Let's be clear: it's not like Microsoft wants to make it harder to further develop its Windows Hello or other offerings that rely on facial recognition. Quite the opposite. Smith notes that some of facial recognition's problems stem from its shortcomings. (How short? Well, a civil rights organization discovered that the UK's facial recognition is wrong 98 percent of the time, which means it's more likely to be actively harmful than actually helpful.) Microsoft has no intention of abandoning facial recognition, it simply isn't letting those interests obscure the technology's poses risks.
Microsoft spoke with "technologists, companies, civil society groups, academics and public officials around the world" about the issues posed by facial recognition after Smith's initial blog post.
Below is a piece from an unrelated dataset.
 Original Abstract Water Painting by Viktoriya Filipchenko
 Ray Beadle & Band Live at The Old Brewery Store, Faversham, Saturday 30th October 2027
Those conversations led it to believe that governments need to address three problems with facial recognition: that current limitations can lead to biased outcomes that may run afoul of discrimination laws, that its spread could lead to invasions of privacy and that "the use of facial recognition technology by a government for mass surveillance can encroach on democratic freedoms."
Many of Smith's proposed solutions to these problems come back to requiring companies to be transparent about how facial recognition technologies are developed and used. He called for independent companies to have access to these technologies, for example, so they can determine if they're biased. He also suggested that stores using facial recognition technology to track customers--a tool being developed by Microsoft, Amazon and other companies--be required to inform shoppers of their use so they can decide whether or not they want to shop there.
Smith also called back to his claim that facial recognition's advance could make the year 2024 seem like 1984 if left unchecked.
"One vision of the future would require that citizens must evade government surveillance by finding their way secretly to a blackened room to tap in code with hand signals on each other’s arms--because otherwise cameras and microphones will capture and record their faces, voices and every word. Orwell sketched that vision nearly 70 years ago. Today technology makes that type of future possible. ... But not inevitable," he said.
The key, according to the exec, will be to "ensure that governmental use of facial recognition technology remain subject to the rule of law" via new legislation.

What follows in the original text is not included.